夜






夜(よる)は、太陽が地平線または水平線から上に出ていない時間、あるいは日没から日の出までのことである。逆に、太陽が地平線または水平線より上に出ている時間、あるいは日の出から次の日没までのことを昼という。
地球は、地軸を軌道面と垂直な方向から約23.4度傾けて、太陽の周りを自転しながら公転している。このため、太陽は、天の赤道から約23.4度傾いた黄道上を、1年かけて一周するように見え、太陽の赤緯が変化する。これにより、ある地点での夜の長さは1年周期で変化する。夏至の頃には、北半球では夜が最も短くなり、逆に南半球では最も夜が長くなる。冬至の頃にはこの逆になる。夜と昼の長さの変化は高緯度地域になるほど大きくなり、北緯66.6度以北、南緯66.6度以南では、太陽が全く沈まず、一日中昼となる白夜と、太陽が全く昇らず、一日中夜となる極夜が生じる。北極や南極に近づくほど、白夜や極夜が続く期間は長くなり、北極と南極では、1年のうち半分は夜が続き、残り半分は昼となる。赤道では、ほとんど昼夜の長さの変化は生じない。

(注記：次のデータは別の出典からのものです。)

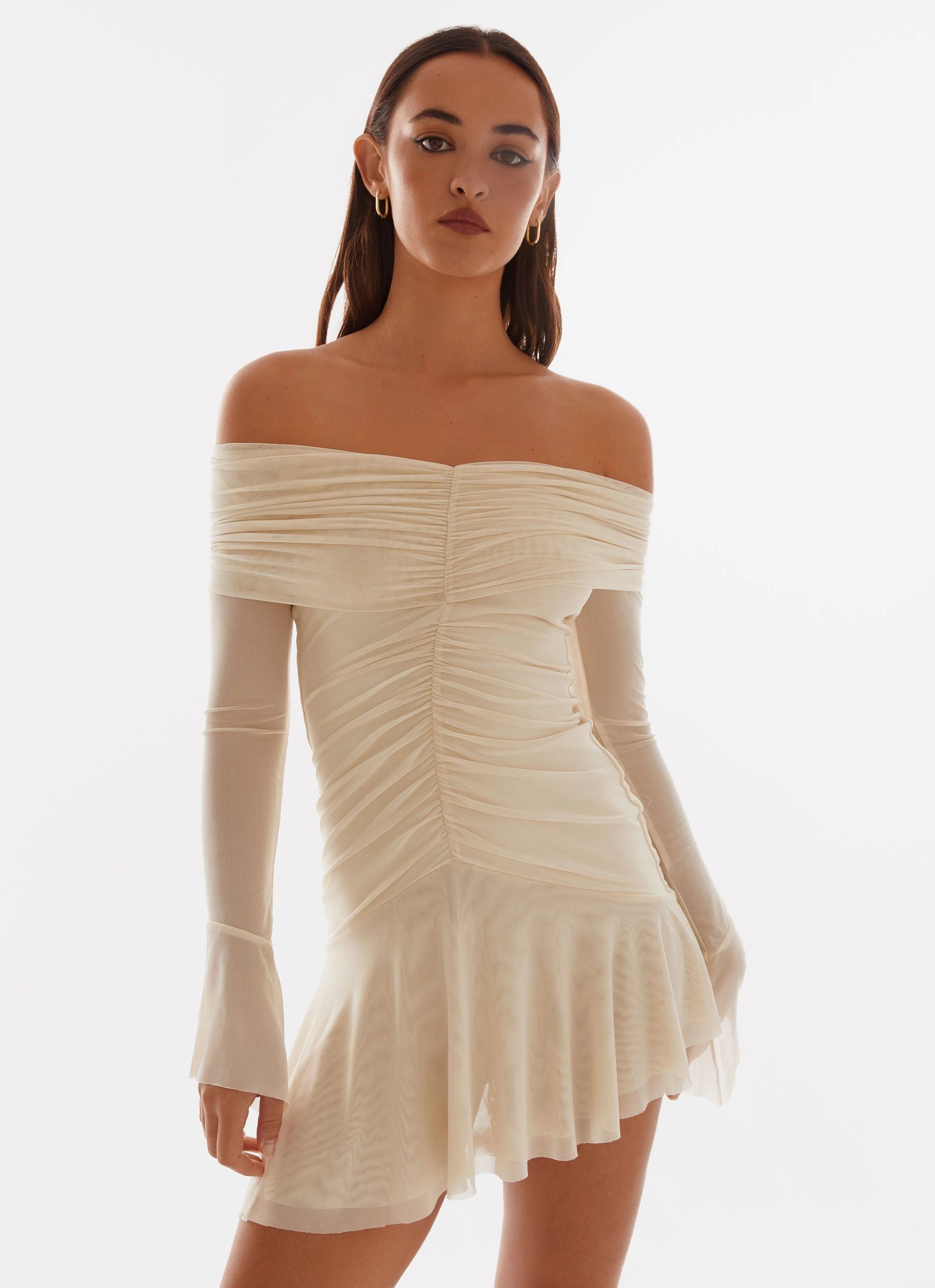 Formal Aura Daily Style Ellis Ruched Mini Dress - Pastel Yellow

日の出、日の入りの定義が、太陽の中心が地平線または水平線に重なった瞬間ではなく、太陽の上端が地平線または水平線に重なった瞬間であること、さらに地平線、水平線付近では大気の影響で太陽が実際よりも上に見えることから、春分、秋分の日でも、昼と夜は同じ長さにならず、夜が少し短くなる。
太陽が沈んだ後、または昇ってくる前に、まだ夜なのに空が明るく昼に近い状態になることがある。これを薄明という。高緯度地域では、太陽が地平線と浅い角度をもって移動するようにみえるため、低緯度地域に比べて薄明が長く続く。
夜になると、空には恒星や惑星、月などが明るく輝くようになる。昼でも見える月などごく一部の天体の観測や、流星の電波観測などを除けば、天体観測は専ら夜に行われることになる。
生物と夜
動物の中には、夜に主に活動するものと、昼に主に活動するものがいる。これをそれぞれ、夜行性動物、昼行性動物という。ヒトは元々昼行性動物であるが、火を使用し、さらに電灯などを用いるようになり、現在では昼夜を問わず活発に活動している。
植物は、昼は光合成と呼吸をしているが、夜になると動物と同じように呼吸のみをするようになる。そのため、夜になると、昼に比べて大気中の酸素濃度はわずかに減少し、二酸化炭素濃度は増加する。
人間と夜
人間は、主に昼に経済活動などを行い、夜になると睡眠をとる。特に電灯などが発明される前は、日の出とともに起き、日没とともに寝るという生活のリズムが主だった。しかし、現代では、夜になっても活発に活動するようになっている。仕事や学校を終えて、遊ぶ時間に使っている人も多い。夜も半ばを過ぎると、かなりの人が睡眠をとる時間になり、経済活動などはあまり行われない時間帯つまり深夜(夜中・夜半とも呼ばれる)となる。しかし、コンビニエンスストアなど、24時間営業する店が近年増え、この時間帯の経済活動も活発となっている。
神話と伝説
夜は家畜に被害を与える狼などの獣や盗賊などの発見と追跡を困難にすることから、危険や悪と関連付けて語られることが多い。ほとんどの天地創造の神話や伝説は、天地だけでなく、太陽と月の他に昼夜の創造を伴っている。魔法や魔術は、夜により力を発揮すると考えられていることが多い。例えば吸血鬼は夜に活動すると信じられているし、狼男は夜に狼に変身するという伝承がある。
フィクション
様々なフィクションで夜は物語の要素として登場するものの、夜が主題となっている作品は数が限られている。映画では限られたセットを有効に活用するために夜の闇を効果的に使っている作品が多い。